The anthropologist, who worked at the National Indian Foundation (Funai) during the military regime (1964-1985), reports that even in recent history, traditional peoples still suffered attacks. She claims that many cases of death and torture of indigenous people were not even registered, because of censorship. Logistics works for the region, which helped to reinforce the occupation of the region and supported the productive sector, also ended up driving deforestation, as is the case of the Transamazônica highway, which is almost 6,000 kilometers long. According to the professor, even after the redemocratization of Brazil, in 1988, with the new constituent and the return of direct elections, few changes in this treatment were noticed, says professor Jane Beltrão. And even with the advances, many issues were not addressed by the rulers, such as the demarcation of lands for the usufruct of peoples who had previously lived there.

“In recent history, there has been a difference in public policies, but the demarcation of indigenous lands, which should have been carried out by 1975, did not take place. The Constitution gave another deadline, which was also not met. There is a huge amount of unrecognized land. And this recognition is important. It is not enough for this territory to be identified, it is necessary, by hegemonic law, for it to be recognized and registered in a notary's office. The diversity in the Amazon, especially of the people, needs to be preserved”, asserts Jane Beltrão.

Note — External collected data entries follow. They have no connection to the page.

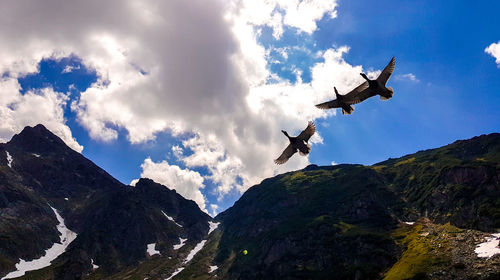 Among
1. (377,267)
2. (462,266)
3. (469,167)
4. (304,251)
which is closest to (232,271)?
(304,251)

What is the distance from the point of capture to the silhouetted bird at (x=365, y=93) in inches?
619

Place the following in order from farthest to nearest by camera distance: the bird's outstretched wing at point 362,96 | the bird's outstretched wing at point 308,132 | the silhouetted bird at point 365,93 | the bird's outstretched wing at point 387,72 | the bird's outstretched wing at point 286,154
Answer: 1. the bird's outstretched wing at point 286,154
2. the bird's outstretched wing at point 308,132
3. the bird's outstretched wing at point 362,96
4. the silhouetted bird at point 365,93
5. the bird's outstretched wing at point 387,72

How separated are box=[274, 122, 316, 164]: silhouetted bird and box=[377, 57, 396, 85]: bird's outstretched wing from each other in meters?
4.26

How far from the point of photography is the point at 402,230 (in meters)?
166

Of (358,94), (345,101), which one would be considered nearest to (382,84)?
(358,94)

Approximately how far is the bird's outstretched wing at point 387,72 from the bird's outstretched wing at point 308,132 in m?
4.26

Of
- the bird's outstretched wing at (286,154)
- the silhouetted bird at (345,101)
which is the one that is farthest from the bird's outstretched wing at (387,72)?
the bird's outstretched wing at (286,154)

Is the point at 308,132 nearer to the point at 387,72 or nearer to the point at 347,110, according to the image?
the point at 347,110

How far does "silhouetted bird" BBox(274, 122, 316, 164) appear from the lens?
18.7m

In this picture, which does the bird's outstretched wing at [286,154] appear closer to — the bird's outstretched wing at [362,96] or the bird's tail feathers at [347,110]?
the bird's tail feathers at [347,110]

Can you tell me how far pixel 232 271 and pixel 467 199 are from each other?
13184 cm

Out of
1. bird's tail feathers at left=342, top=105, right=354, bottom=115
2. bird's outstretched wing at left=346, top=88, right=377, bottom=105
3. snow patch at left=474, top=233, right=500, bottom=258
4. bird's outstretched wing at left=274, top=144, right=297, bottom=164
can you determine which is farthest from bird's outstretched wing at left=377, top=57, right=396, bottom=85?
snow patch at left=474, top=233, right=500, bottom=258

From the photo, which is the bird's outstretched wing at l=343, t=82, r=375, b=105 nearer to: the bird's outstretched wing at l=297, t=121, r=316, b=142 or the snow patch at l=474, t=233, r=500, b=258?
the bird's outstretched wing at l=297, t=121, r=316, b=142

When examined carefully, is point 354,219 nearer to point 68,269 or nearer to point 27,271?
point 68,269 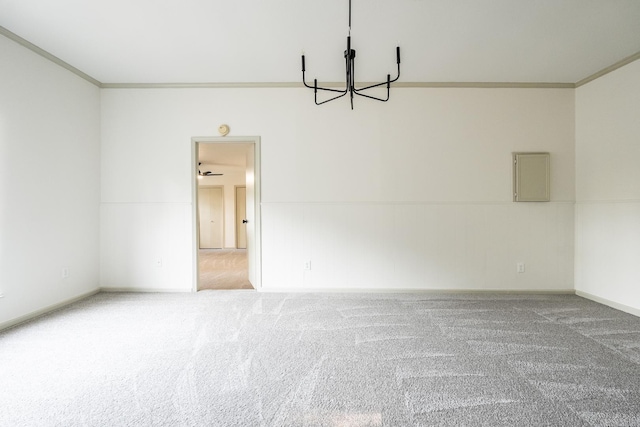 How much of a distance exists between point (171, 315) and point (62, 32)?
2.90 metres

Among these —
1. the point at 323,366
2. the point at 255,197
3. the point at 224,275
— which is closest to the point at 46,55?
the point at 255,197

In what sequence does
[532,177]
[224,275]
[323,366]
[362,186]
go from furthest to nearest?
[224,275] → [362,186] → [532,177] → [323,366]

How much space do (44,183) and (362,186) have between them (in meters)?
3.54

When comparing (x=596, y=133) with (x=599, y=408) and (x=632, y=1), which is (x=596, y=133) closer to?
(x=632, y=1)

Amazon: a history through the eyes of the originary people

Occupation benning
The book "The inhabited forest: History of human occupation in the Amazon", by Jakeline Pereira and Tatiana Corrêa Veríssimo, defends that the occupation of the Amazon begins when the asian immigrants arrives in the Amazonas vale, plus 14 thousand years ago, moment when the indigenous society emerged on the region.

Colonial Brazil
In the 16th century, with the arrival of the Portuguese to the region, through the Amazonas river, the land and natural wealth (gold and minerals) conflicts began. Lots of diseases were brought. Indigenous peoples had their populations drastically reduced throughout the years. 

Military Dictatorship
From 1964, to 1985, the exploitation of indigenous territories in the Amazon grew. Alongside with it, the conflicts in the region. Many from the indigenous people were tortured and killed, but few cases made to a proper register, because of the censorship. The Transamazônica Road was built, with a big impact to the biome. 

After the dictatorship and nowadays
The 1998 Constitution included indigenous peoples rights, with assurance concepts about social organization, culture, language, faith and traditions. Landmarks and affirmative actions were established, such as special spots in the public education system for the indigenous peoples.